Panduan Belajar Buat Web Pemula di Sumur Welut

Anda sendiri pun secara memahami atau tidak memahami tentu udah pernah mampir ke situs berbasis WordPress. Wajar, karena lebih dari 25% website di internet dibikin bersama WordPress.

Bahkan website-website terbesar di dunia pun pakai WordPress.

Ini beberapa di antaranya:

Website pengguna WordPress
Selengkapnya tersedia di halaman ini.

Lalu bagaimana bersama dengan Indonesia?

Bahasa Indonesia menempati posisi ketiga sebagai bahasa yang paling banyak digunakan di WordPress bersama dengan takaran 2,4%. Hanya kalah dari Bahasa Inggris dan Bahasa Spanyol yang sesungguhnya digunakan oleh banyak negara.

Ini artinya ada terlalu banyak situs berbasis WordPress di Indonesia.

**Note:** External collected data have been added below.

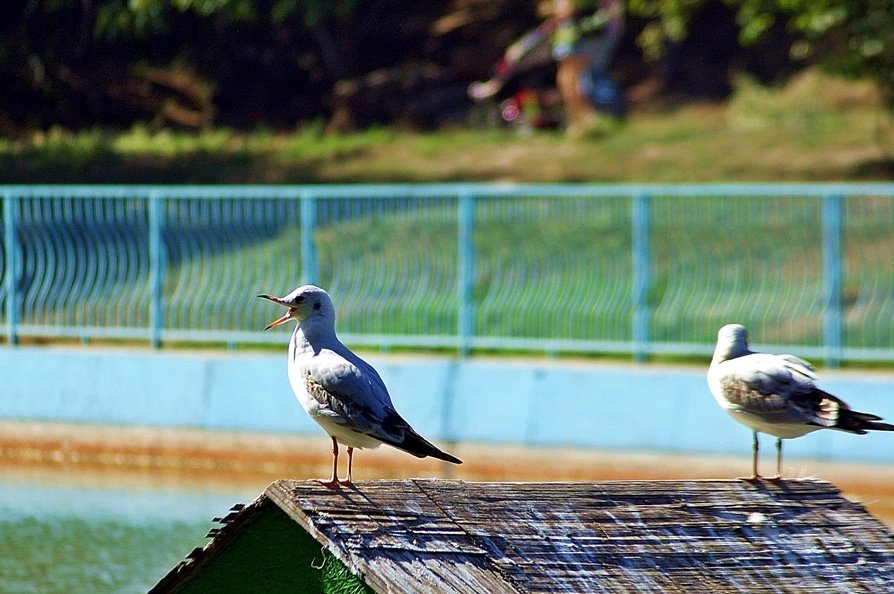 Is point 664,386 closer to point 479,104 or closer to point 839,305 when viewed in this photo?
point 839,305

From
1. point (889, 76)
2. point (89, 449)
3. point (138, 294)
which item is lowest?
point (89, 449)

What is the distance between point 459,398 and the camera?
44.9 feet

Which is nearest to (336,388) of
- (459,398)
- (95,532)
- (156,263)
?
(95,532)

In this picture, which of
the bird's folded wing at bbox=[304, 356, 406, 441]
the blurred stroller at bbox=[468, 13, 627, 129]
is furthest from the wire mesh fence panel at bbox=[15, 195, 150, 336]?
the blurred stroller at bbox=[468, 13, 627, 129]

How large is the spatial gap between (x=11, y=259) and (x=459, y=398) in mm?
4528

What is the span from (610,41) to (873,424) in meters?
19.9

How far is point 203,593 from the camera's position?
637cm

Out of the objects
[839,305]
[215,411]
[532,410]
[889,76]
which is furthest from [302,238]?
[889,76]

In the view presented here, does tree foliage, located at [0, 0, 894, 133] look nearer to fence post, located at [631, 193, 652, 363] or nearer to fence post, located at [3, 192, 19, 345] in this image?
fence post, located at [3, 192, 19, 345]

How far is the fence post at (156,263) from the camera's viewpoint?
15.2 m

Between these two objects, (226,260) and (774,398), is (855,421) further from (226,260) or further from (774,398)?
(226,260)

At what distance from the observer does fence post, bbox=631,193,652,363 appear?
1391cm

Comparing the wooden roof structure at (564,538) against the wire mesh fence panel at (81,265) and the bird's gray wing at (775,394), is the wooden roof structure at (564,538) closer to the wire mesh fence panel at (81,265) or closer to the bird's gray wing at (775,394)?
the bird's gray wing at (775,394)

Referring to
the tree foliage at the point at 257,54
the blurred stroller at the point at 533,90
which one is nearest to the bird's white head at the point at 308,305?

Mengapa WordPress bisa sedemikian populernya?
Alasan utamanya yaitu sebab proses pembuatannya amat mudah, seperti yang telah aku nyatakan tadi. Bahkan orang yang baru kenal komputer pun dapat memicu web di dalam 5 menit dengan WordPress.

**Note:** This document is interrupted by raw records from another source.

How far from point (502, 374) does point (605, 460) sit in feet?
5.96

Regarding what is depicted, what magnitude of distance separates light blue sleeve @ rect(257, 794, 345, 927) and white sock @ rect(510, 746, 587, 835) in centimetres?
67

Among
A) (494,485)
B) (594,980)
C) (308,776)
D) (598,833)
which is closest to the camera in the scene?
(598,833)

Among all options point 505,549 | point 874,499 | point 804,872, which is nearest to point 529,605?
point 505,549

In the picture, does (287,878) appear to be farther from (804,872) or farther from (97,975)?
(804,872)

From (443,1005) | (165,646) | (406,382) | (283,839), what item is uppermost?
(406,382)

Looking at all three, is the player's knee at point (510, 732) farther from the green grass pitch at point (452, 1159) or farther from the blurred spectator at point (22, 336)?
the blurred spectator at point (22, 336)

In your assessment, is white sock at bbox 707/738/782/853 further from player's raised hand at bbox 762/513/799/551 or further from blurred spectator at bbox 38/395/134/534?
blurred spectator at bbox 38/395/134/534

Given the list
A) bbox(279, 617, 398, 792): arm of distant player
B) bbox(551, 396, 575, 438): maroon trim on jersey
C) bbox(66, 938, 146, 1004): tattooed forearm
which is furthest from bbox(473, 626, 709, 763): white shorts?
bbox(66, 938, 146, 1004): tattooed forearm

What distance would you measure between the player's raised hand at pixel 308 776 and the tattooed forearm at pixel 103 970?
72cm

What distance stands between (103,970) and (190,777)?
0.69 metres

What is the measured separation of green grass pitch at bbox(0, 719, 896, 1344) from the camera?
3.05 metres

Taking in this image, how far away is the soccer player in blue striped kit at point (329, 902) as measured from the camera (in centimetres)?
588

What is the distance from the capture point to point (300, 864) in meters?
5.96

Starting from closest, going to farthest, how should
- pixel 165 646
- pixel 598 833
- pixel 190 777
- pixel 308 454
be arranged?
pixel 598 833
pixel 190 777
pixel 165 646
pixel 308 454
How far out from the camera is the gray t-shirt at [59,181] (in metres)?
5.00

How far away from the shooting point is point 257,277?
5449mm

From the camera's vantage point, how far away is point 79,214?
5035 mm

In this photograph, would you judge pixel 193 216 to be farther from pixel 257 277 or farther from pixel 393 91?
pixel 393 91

Selain itu, juga sebab gratis.

Tapi bukan hanya itu, inilah alasan utama kenapa website-website besar memakai WordPress:

Dengan WordPress, kita tidak perlu membangun web dari nol agar banyak pas dan tenaga yang dapat dihemat
WordPress bisa dimodifikasi secara bebas dan tanpa batas cocok keperluan si pemilik web site, baik secara tampilan maupun fitur
Banyak theme dan plugin yang ada agar anda bisa merubah tampilan dan dan mengimbuhkan fitur meskipun tidak tahu sedikit pun perihal programming
Proses belajarnya benar-benar mudah
WordPress tetap dikembangkan dan diperbaharui oleh jutaan programmer di dunia
WordPress punya komunitas pengguna terbesar. Kalau kamu mengalami kesulitan, jawabannya dapat ditemukan bersama dengan gampang di internet
Dengan alasan-alasan berikut, sejak 2003 hingga saat ini WordPress selalu jadi CMS yang paling kondang.

Pada mulanya, WordPress hanya digunakan untuk sebabkan blog…

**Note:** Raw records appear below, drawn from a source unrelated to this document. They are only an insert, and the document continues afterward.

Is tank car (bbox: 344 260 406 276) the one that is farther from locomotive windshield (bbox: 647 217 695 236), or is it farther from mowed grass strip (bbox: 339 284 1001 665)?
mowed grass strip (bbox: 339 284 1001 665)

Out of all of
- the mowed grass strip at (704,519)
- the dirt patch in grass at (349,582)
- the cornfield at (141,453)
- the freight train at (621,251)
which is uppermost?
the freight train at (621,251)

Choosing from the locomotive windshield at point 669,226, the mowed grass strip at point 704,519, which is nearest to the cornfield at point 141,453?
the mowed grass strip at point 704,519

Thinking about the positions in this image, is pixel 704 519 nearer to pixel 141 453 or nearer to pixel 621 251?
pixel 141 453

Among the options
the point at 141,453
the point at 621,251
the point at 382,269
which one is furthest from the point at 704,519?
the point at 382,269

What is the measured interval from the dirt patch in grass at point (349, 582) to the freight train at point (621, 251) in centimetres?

…tapi sekarang WordPress juga kerap digunakan sebagai web bersama faedah lain, andaikan situs komunitas, jual beli, direktori, portfolio, profil perusahaan, dan lain-lain.

Itulah sekilas berkenaan WordPress.

Tanpa panjang lebar ulang, mari kita mulai ke bab pertama saran ini

Saat ingin memicu situs, lebih-lebih yang berbentuk blog, anda bakal mendengar orang-orang di internet yang membanding-bandingkan pada WordPress.org, WordPress.com, dan Blogger.

Ini kebanyakan akan sebabkan orang-orang bingung.

Lebih parahnya lagi, kamu dapat salah menentukan.

Oleh karena itu, sekarang akan kami bahas secara obyektif apa saja kelebihan dan kelemahan berasal dari tiap-tiap platform.

Perbedaan WordPress.com dan WordPress.org
Pertama, kita bahas dulu ke dua saudara kembar ini.

Meskipun namanya mirip dan berasal dari perusahaan yang serupa, namun WordPress.org dan WordPress.com miliki perbedaan yang sangat besar.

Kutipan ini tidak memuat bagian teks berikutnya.